I found that all of the examples of Theano/Lasagne deal with small data set like mnist and cifar10 which can be loaded into memory completely.
My question is how to write efficient code for training on large scale datasets? Specifically, what is the best way to prepare mini-batches (including real time data augmentation) in order to keep the GPU busy?
Maybe like using CAFFE's ImageDataLayer? For example, I have a big txt file which contains all the image paths and labels. It would be appreciated to show some code.
Thank you very much!
In case the data doesn't fit into memory, a good way is to prepare the minibatches and store them into an HDF5 file, which is then used at training time.
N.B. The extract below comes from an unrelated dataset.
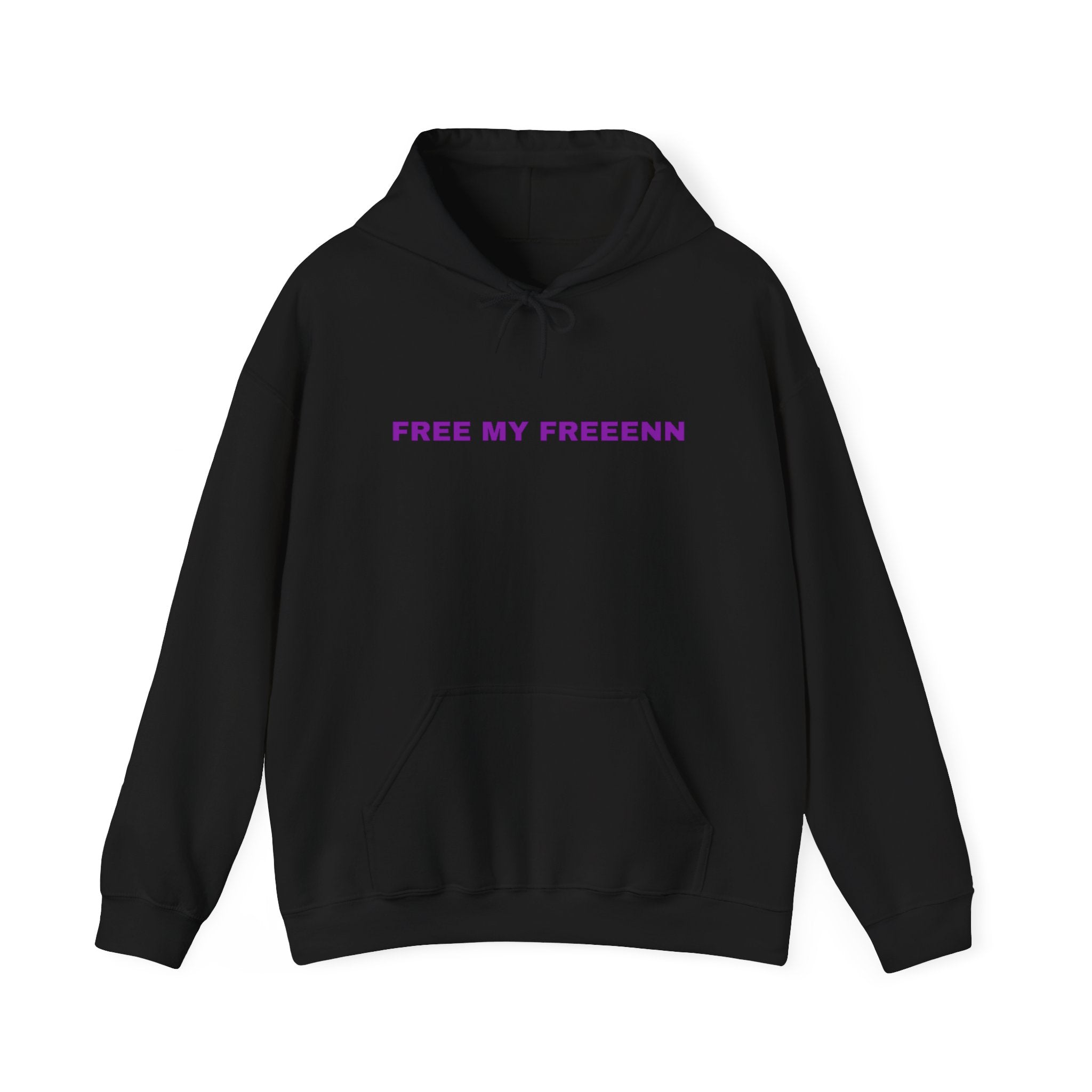 Free My Freeenn Hoodie — Minimalist Feminist Slogan Pullover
However, this does suffice when doing data augmentation as this is done on the fly. Because of Pythons global interpreter lock, images cannot already be loaded and preprocesed while the GPU is busy. The best way around this, that I know of, is the Fuel library. Fuel loads and preprocesses the minibatches in a different python process and then streams them to the training process over a TCP socket: http://fuel.readthedocs.org/en/latest/server.html#data-processing-server
It additionally provides some functions to preprocess the data, such as scaling and mean subtraction: http://fuel.readthedocs.org/en/latest/overview.html#transformers-apply-some-transformation-on-the-fly
Hope this helps. Michael